Random thoughts on transcribing and typing sources

Now that there’s software that can actually take advantage of full text, that means each historian has hundreds of documents that could, nay, should, be entered as full text. So what’s a digital early modern historian to do? (I’ll ignore the more challenging handwritten documents and focus on the ‘easy’ published documents.)

  1. Type all those treatises, campaign narratives and histories yourself. Been there, done that. Not fun, especially when you keep finding more and more of them. It’s labor-intensive work that ideally would be done by someone who charges far less than what you get paid per hour, or far less than what you think your time is worth.
  2. Prioritize. What do you really need fully transcribed, and what can you get by with just reading and taking notes? Unfortunately certain types of documents, and certain methods/questions, may require full text. Or if you’re hoping to create some kind of monster textbase that will allow you to find every instance of a particular term, person or place in an instant.
  3. Optical character recognition. OCR software has been a godsend, especially given all those 19C-20C published collections of documents. The problem comes when trying to OCR published works from the 18C and earlier (even some 19C texts), or when dealing with imperfect copies of the most-pristine text: blurry photos, phantom hands, smudged pages… Still waiting for a solution to that.
    Even if the copy is perfect, the original typeface might not be. From personal experience I can confirm that editing OCRed text, even at 90% accuracy, takes forever. And don’t get me started on old italicized text. OCR no-likey.
    There’s ‘dirty’, i.e. uncorrected, OCR, and then there’s filthy OCR. Like this:

    The Ugly Side of OCR

    The Ugly Side of OCR

    The gutter is a black hole, the text on either side of it wasn’t even recognized as text (the box in the middle represent an image), and the text that was recognized has many errors. Oddly though, this is actually usable output, as long as you don’t expect every instance of every word to be found (or even most), and you aren’t trying to look at word frequencies and the like. So sometimes you just accept the dirty OCR as a semi-useful supplement to an image PDF.
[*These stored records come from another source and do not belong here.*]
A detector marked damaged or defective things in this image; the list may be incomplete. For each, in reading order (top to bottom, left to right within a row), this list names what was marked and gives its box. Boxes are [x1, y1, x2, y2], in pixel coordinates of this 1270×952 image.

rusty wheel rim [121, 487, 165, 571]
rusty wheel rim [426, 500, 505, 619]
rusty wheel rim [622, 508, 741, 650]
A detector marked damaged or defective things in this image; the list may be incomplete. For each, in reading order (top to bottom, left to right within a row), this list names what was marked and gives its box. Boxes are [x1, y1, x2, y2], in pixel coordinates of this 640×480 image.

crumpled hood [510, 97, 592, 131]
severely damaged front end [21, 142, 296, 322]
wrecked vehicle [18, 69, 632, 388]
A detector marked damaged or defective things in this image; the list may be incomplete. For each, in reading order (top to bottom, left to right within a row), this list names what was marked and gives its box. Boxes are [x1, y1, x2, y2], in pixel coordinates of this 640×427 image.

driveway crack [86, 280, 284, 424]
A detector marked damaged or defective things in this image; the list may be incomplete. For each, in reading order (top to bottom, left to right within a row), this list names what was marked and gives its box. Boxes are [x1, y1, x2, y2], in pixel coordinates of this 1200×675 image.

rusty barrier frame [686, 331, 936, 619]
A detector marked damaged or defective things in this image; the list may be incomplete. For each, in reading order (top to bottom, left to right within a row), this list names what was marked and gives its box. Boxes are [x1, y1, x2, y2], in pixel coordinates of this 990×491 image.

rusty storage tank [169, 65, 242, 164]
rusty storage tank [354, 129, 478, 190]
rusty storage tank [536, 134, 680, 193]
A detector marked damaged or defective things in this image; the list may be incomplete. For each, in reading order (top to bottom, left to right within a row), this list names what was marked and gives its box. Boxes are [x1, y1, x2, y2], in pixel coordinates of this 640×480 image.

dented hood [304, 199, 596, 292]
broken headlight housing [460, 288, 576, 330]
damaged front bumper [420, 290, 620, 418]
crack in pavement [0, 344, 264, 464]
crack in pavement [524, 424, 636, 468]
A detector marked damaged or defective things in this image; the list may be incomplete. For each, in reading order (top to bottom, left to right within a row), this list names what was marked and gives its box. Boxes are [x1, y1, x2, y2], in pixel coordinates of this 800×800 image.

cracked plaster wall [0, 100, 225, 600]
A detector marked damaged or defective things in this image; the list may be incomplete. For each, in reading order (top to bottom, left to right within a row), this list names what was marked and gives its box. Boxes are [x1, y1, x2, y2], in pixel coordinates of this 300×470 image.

  4. Or you could download full texts from online databases. Google Books and Archive.org both have OCRed text versions of many of their works, but that doesn’t help too much given the OCR issues with early print works.
  5. Some text versions of early modern works are available to subscribers of databases like EEBO, ECCO, Burney… Their hefty subscription prices help pay for their transcription costs. EEBO offers downloadable full-text versions for a small selection of its works (see the EEBO-Text Creation Partnership), while ECCO doesn’t allow you access to the underlying text at all, other than showing snippets in the results window. On one of my research jaunts I ended up just taking screenshots of each page of results (dozens), so that I could later match them up with my own PDFs at home. Pain in the ass.
    ECCO search results

    ECCO search results

    EEBO will be further extending its utility over ECCO by adding more text versions, as well as releasing more texts to the public, over the next several years. So one option is to simply delay your research till those get released. Assuming the works you need will be included in future releases.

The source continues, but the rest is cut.